Here is the example from the video… If my presentation topic is about motivation, then I could say:

“Before I get started, I want to talk about how much my son enjoys playing with dominoes (he really does!). He can spend all day playing with his dominoes, lining them up and knocking them down, making all kinds of designs… all day long because he loves it so much."

Then I transition by saying, “And that’s when I realised that motivation is related to playfulness and passion."

Pretty cool, right!?

So I hope you now have an understanding of how to use a story to start a presentation. This can be for a school or work presentation. It really doesn’t matter. The important thing is preparing your story and figuring out how to connect your story with your presentation topic or content.

Hope that helps. Let me know if you have any questions or comments.


Presentation Content - What to do if you’re stuck [VIDEO]

Presentation content is the stuff that you actually talk about in your presentation. Presentation content is directly related to the presentation topic, of course. But choosing presentation content seems to be a bit of a problem for many people. Understandably it’s not always easy to figure what to include in your presentation content because you don’t want to leave anything out, or put in too much. So I’ve got some tips for you to help you choose your presentation content when you’re stuck that I hope you’ll find helpful.

First, why are you giving the presentation?

You need to clearly understand the reason why the presentation is being given. What’s the purpose of your presentation? This seems like an obvious answer… because you have to, right?

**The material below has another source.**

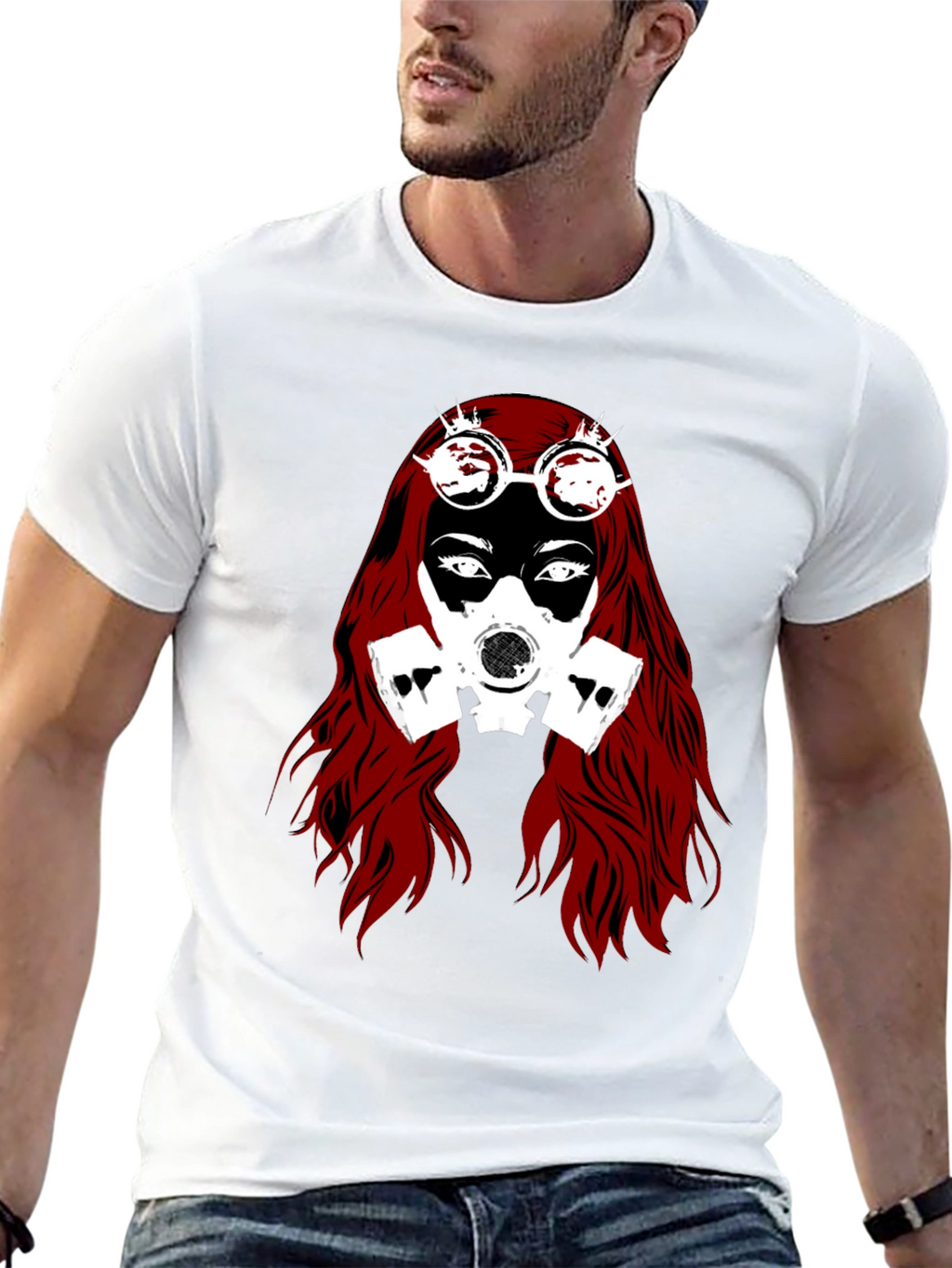 Steampunk Gas Mask Woman Graphic Tee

But in all seriousness, you need to clearly understand what your presentation is supposed to do, or what it’s purpose is. For example, maybe it’s:

  1. Showing knowledge about a particular topic because it’s an assignment for class or work
  2. Presenting an idea to a group of peers because you have to help them learn something
  3. Pitching a business, product or service to potential customers or investors because you need to raise funds for your company

Second, “It’s about them, not you!"

This second one is more like 1A, than number 2 because who your audience is and what they care about almost completely determines what your presentation content should be. This seems totally obvious but it’s something that both experienced and inexperienced presenters struggle with, or completely lose sight of on a regular basis.

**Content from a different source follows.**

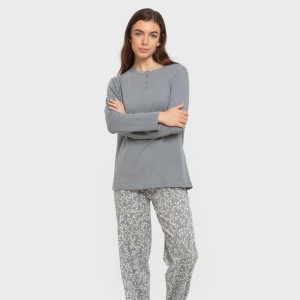 Pigiama lungo cotone Lauri indaco 2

For example, someone recently asked me on YouTube what are the four most important aspects of social media that she should talk about in her presentation. And that was all she told me. To her, it seems like a simple question… and it could be, but without any knowledge of her audience there is no way I could give her an appropriate answer.

Imagine if her audience was made up of senior citizens and the purpose of her presentation was to teach them how to use social media to stay connected with family. And if I told her to talk about four things that were related to using mobile video for content marketing, would that work? Definitely not! The audience in this case wouldn’t know what was going on and would probably wonder if they were in the right presentation.

So when choosing presentation content, put yourself in the shoes of the audience and ask, “Why should I care?” And constantly remind yourself that it’s about them, not you.

My friend Craig Hadden over at Remote Possibilities has a great post about this topic that you should check out: Secret #8 of star presenters: Christopher Witt on “What’s in it for me?”

Third, start learning about your audience early on

One of the biggest mistakes presenters make is not getting started early preparing their presentation. In particular, you need to spend time understanding your presentation’s true purpose and who your audience is. You may assume that you know, but you may change your opinion after giving this some thought.

The worst thing that could happen, and I’ve seen this more than a few times, is you could get far into your preparing your presentation content before realizing your content is totally wrong for your audience. At least you can fix it. The absolute worst thing is not knowing and giving the presentation with content that’s totally wrong for the audience. Epic. Failure.

Let me know your thoughts on preparing presentation content. What do you do? What have you experienced?